= EXTRACTED MATERIAL =

---

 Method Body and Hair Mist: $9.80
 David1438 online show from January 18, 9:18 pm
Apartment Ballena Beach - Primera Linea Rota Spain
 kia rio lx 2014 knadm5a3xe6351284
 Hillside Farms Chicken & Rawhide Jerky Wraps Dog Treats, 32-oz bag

---

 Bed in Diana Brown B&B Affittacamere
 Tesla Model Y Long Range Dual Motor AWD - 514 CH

---

= TASK DIRECTIONS =
Above are some records; copy exactly the lines from the one with "Method Body and Hair Mist: $9.80" through the one with "Hillside Farms Chicken", both included, and no others.

= WRITTEN SOLUTION =
 Method Body and Hair Mist: $9.80
 David1438 online show from January 18, 9:18 pm
Apartment Ballena Beach - Primera Linea Rota Spain
 kia rio lx 2014 knadm5a3xe6351284
 Hillside Farms Chicken & Rawhide Jerky Wraps Dog Treats, 32-oz bag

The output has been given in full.